From the records below, please print only the lines from the one containing "Soft toy with" through the one containing "220x90 Rückschlagklappe aus Edelstahl für Flachkanal 220x90", both included. Skip the pictures.

> **Material supplied**:
——

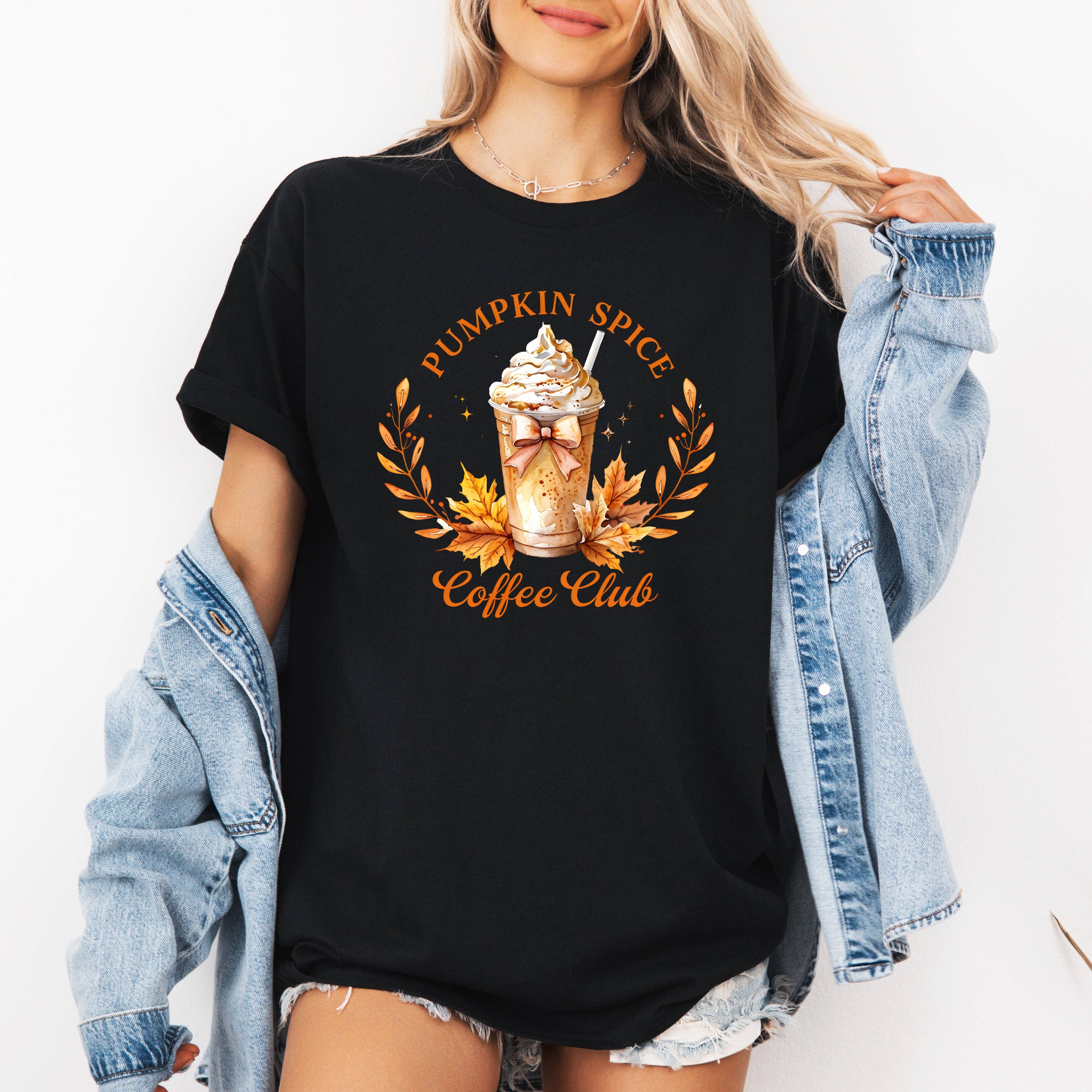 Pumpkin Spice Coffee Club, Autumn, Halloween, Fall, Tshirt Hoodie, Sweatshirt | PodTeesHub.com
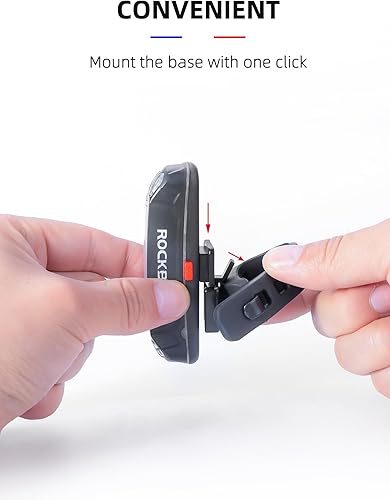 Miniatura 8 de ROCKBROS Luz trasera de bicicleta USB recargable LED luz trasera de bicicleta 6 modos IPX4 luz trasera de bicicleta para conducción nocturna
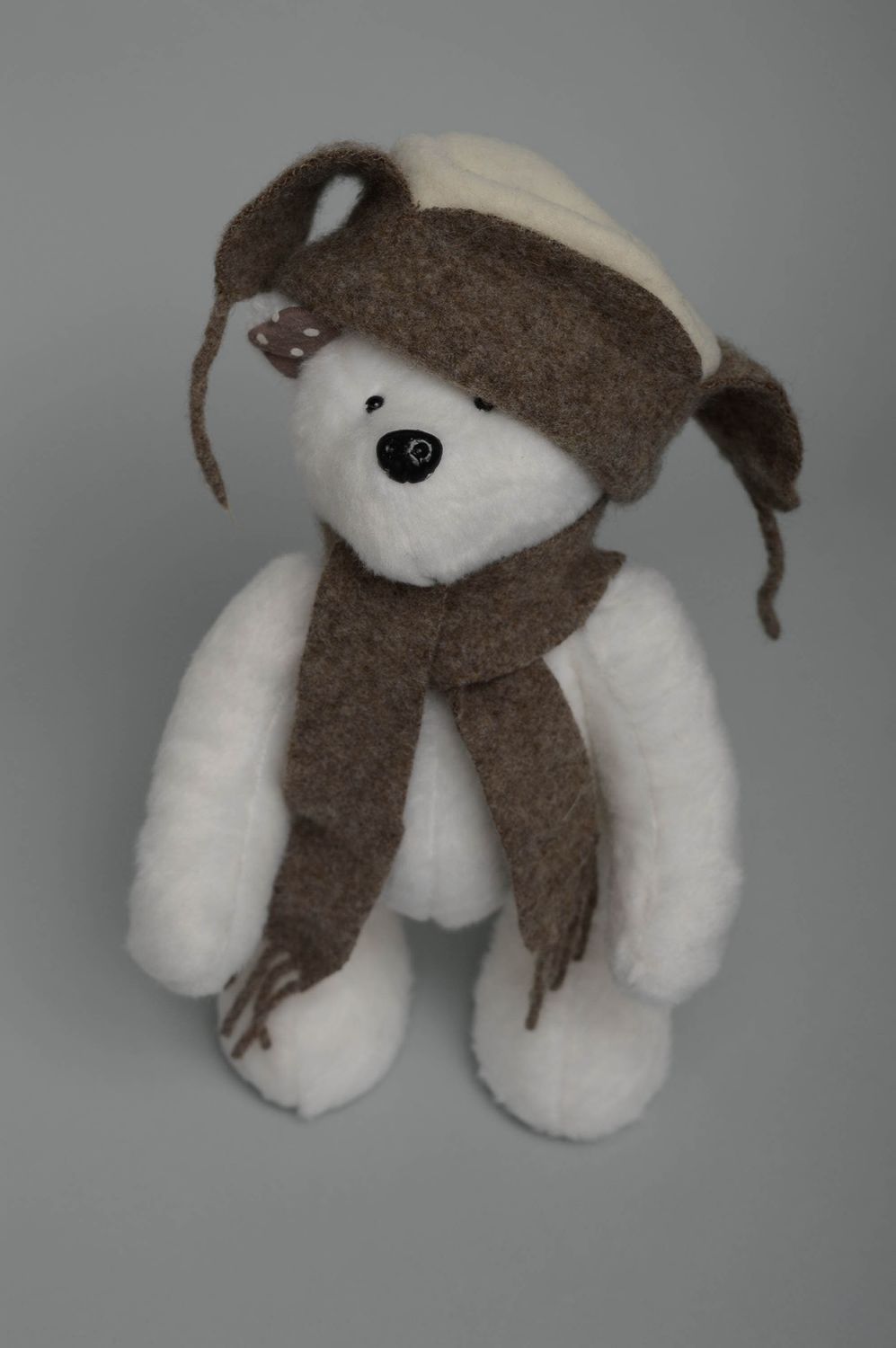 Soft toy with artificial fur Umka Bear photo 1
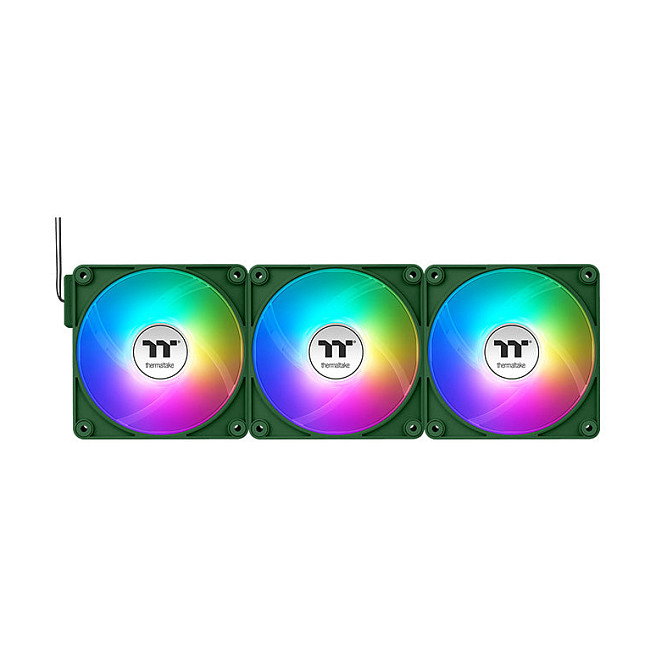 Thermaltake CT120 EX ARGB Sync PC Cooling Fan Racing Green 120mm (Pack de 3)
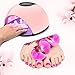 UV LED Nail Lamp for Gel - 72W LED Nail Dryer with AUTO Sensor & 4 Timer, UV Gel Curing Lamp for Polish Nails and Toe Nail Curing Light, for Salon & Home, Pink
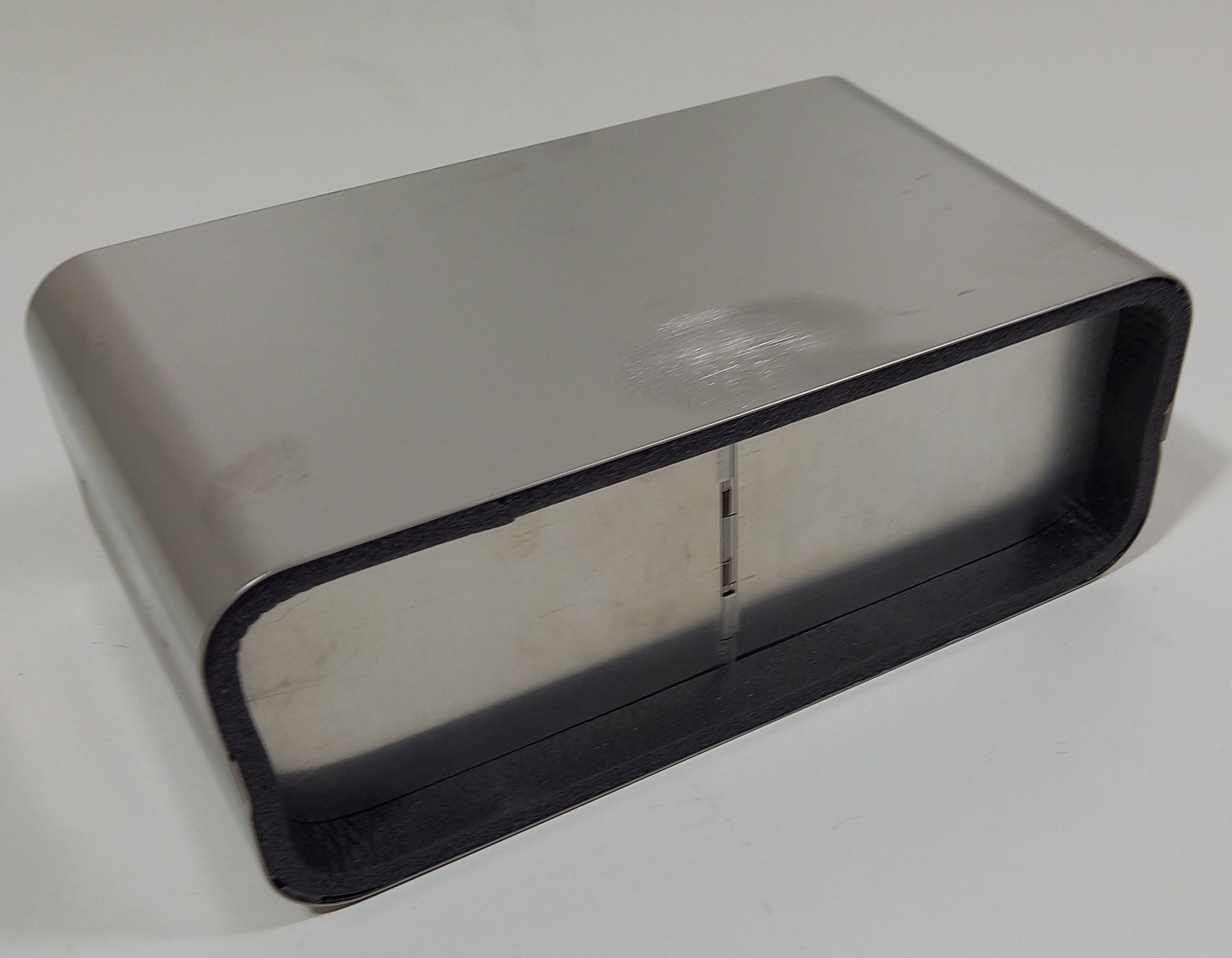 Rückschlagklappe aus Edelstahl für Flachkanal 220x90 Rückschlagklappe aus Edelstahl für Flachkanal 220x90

——

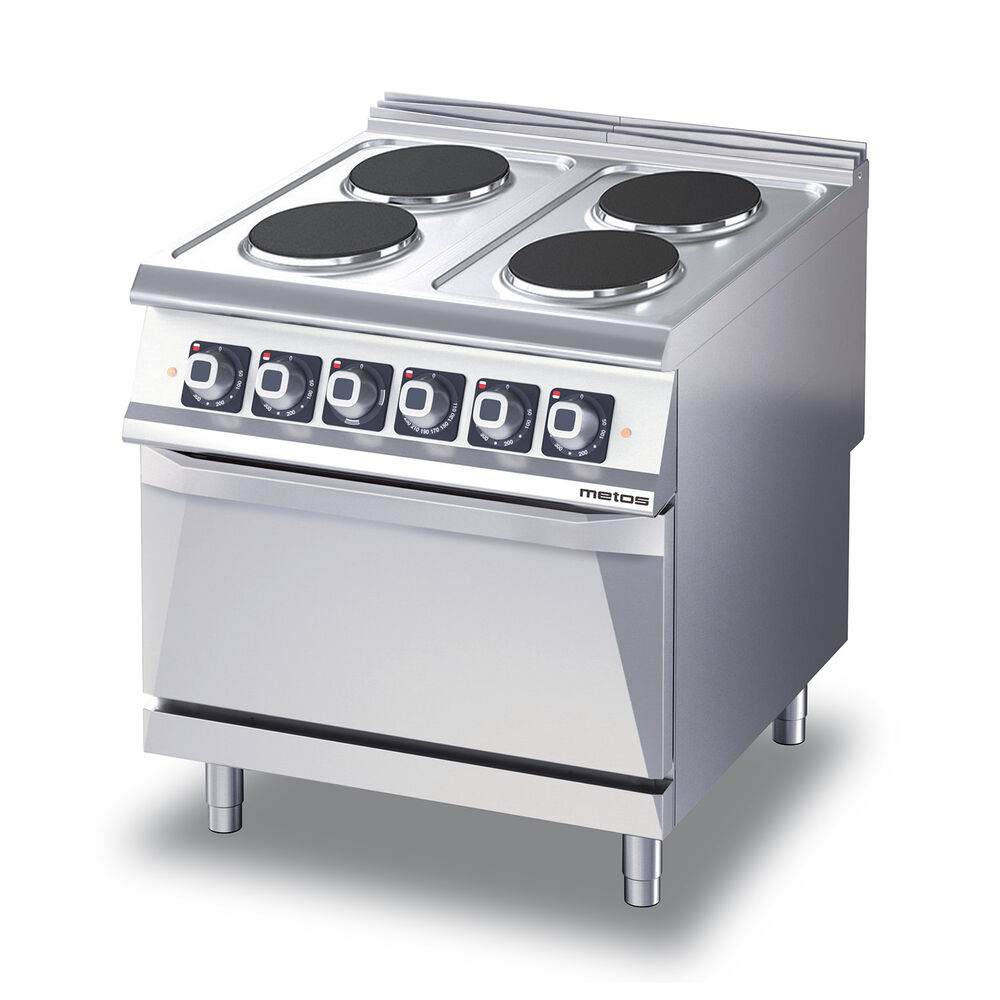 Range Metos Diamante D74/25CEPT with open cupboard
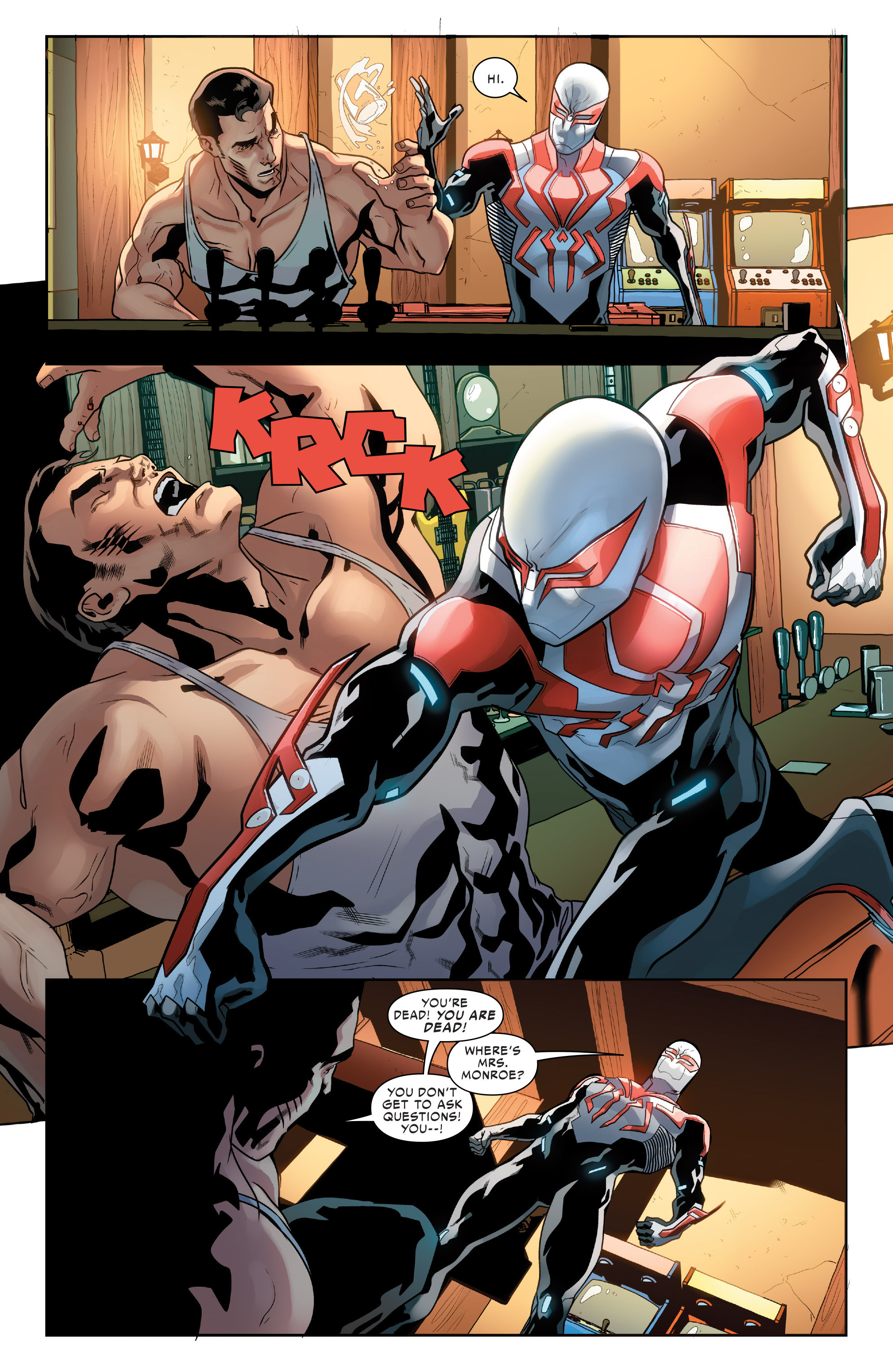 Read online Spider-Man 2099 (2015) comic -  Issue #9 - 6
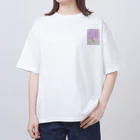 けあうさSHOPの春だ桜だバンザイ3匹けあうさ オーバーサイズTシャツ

——

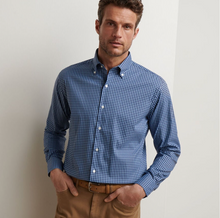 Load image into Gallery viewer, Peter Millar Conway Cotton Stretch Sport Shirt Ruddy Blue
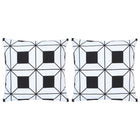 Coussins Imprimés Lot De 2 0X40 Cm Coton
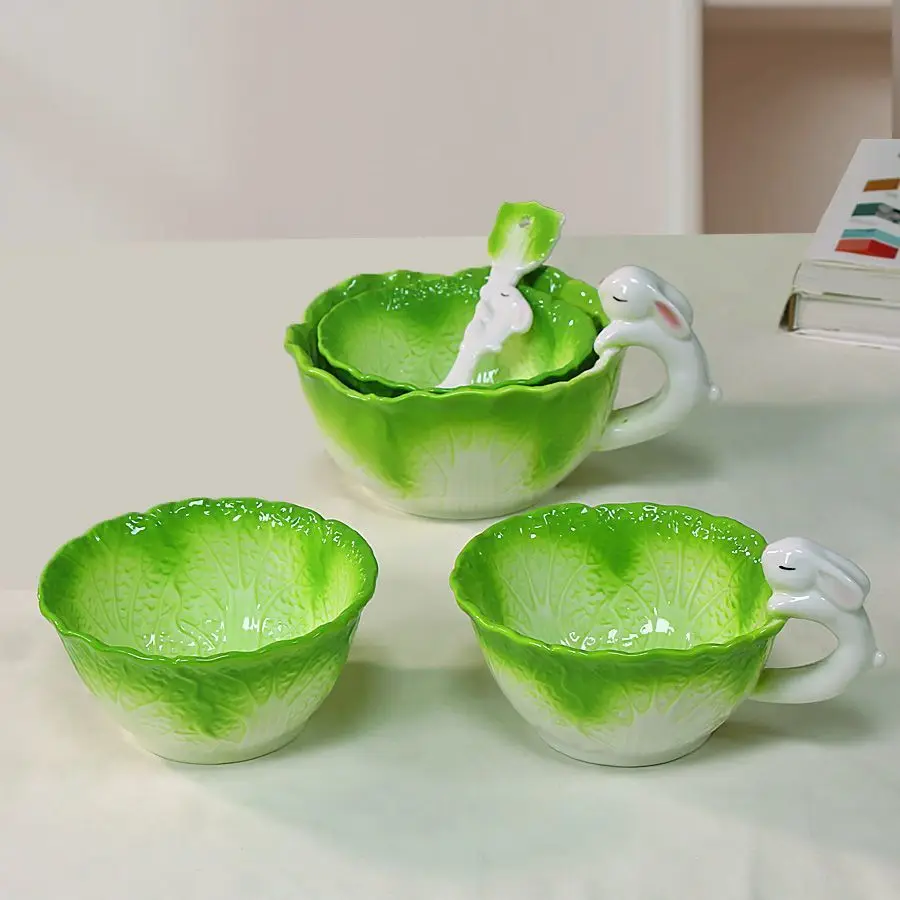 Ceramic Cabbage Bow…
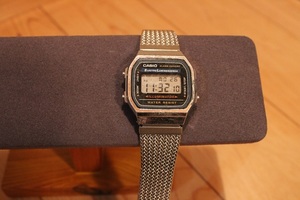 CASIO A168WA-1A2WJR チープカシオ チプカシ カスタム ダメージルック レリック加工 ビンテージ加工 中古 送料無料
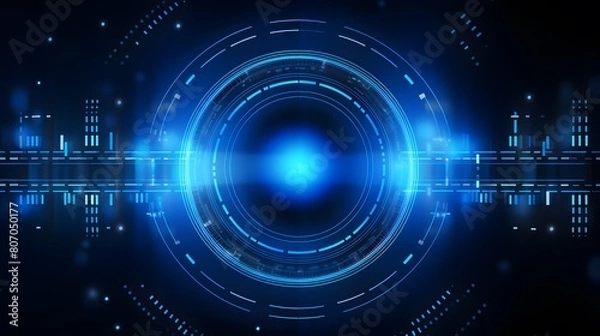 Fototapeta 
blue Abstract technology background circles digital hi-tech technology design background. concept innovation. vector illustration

——

> **Final answer**:
 Soft toy with artificial fur Umka Bear photo 1
 Thermaltake CT120 EX ARGB Sync PC Cooling Fan Racing Green 120mm (Pack de 3)
 UV LED Nail Lamp for Gel - 72W LED Nail Dryer with AUTO Sensor & 4 Timer, UV Gel Curing Lamp for Polish Nails and Toe Nail Curing Light, for Salon & Home, Pink
 Rückschlagklappe aus Edelstahl für Flachkanal 220x90 Rückschlagklappe aus Edelstahl für Flachkanal 220x90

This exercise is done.